--- WORK INSTRUCTIONS ---
Write out exactly, excluding pictures, the lines from the one containing "Hello and welcome" through the end of the data, both included.

--- SUPPLIED MATERIAL ---
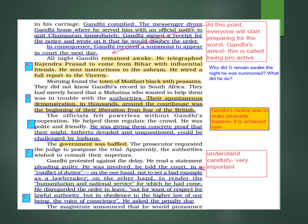The government was baffled. The prosecutor requested the judge to postpone the trial — they were so scared. Apparently the authorities wished to consult their higher officials on whether to proceed with Gandhi's case or not. But Gandhi was rigid and adamant because he had not done anything wrong; he protested against the delay.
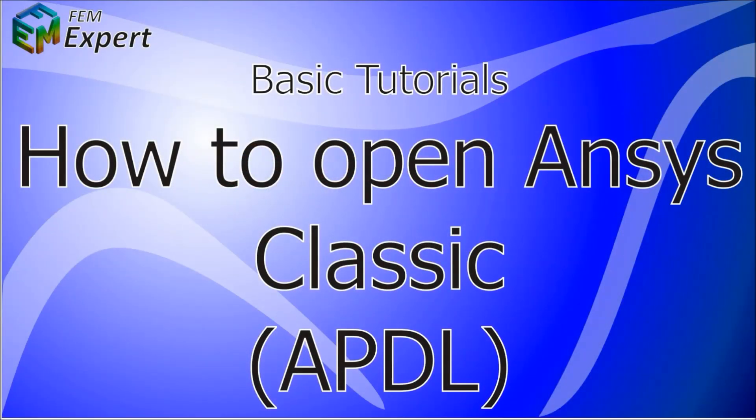Hello and welcome to FEM Expert. In today's tutorial we're going to show you how to open ANSYS Classic, also known as ANSYS APDL.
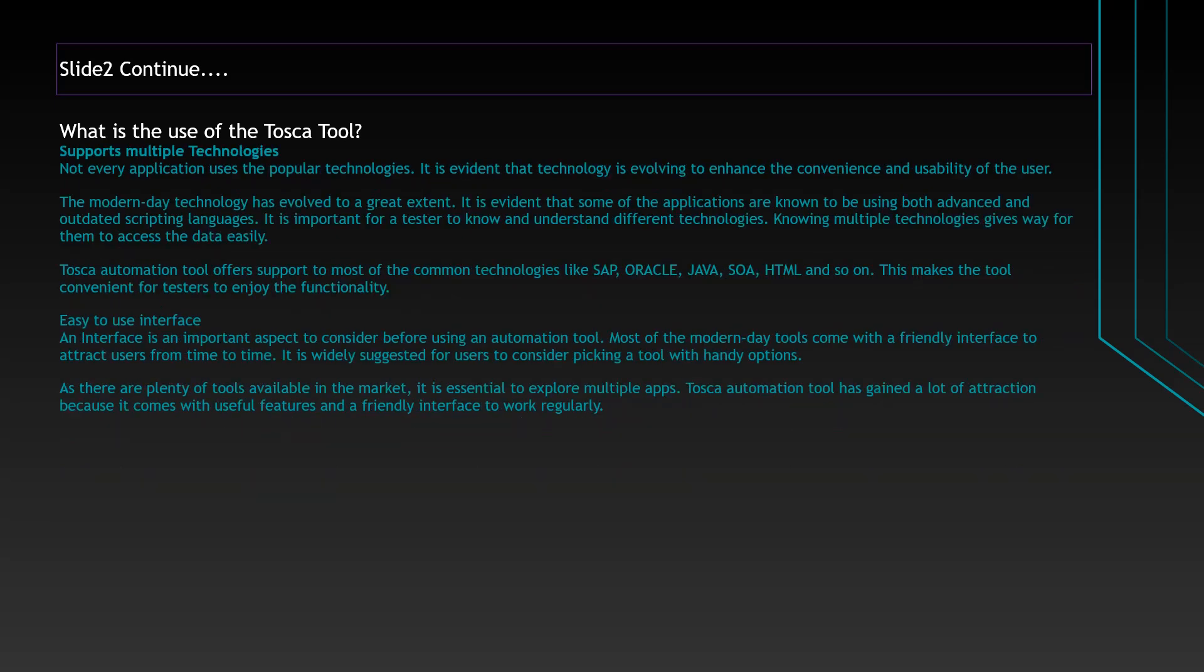The next benefit is Tosca supports multiple technologies. Not every application uses popular technologies. It is evident the technology is evolving at a rapid pace. Modern day technology has evolved to a greater extent. Some applications use both advanced as well as outdated scripting languages. It is important for testers to know and understand different technologies. Knowing multiple technologies gives way for them to access the data easily. Tosca tool offers support to most commonly used technologies like SAP, Oracle, Java, SOA, HTML and so on. This makes the tool convenient for testers to enjoy the functionality. The next benefit is easy to use interface.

--- REPLY TO THE TASK ---
Hello and welcome to FEM Expert. In today's tutorial we're going to show you how to open ANSYS Classic, also known as ANSYS APDL.
The next benefit is Tosca supports multiple technologies. Not every application uses popular technologies. It is evident the technology is evolving at a rapid pace. Modern day technology has evolved to a greater extent. Some applications use both advanced as well as outdated scripting languages. It is important for testers to know and understand different technologies. Knowing multiple technologies gives way for them to access the data easily. Tosca tool offers support to most commonly used technologies like SAP, Oracle, Java, SOA, HTML and so on. This makes the tool convenient for testers to enjoy the functionality. The next benefit is easy to use interface.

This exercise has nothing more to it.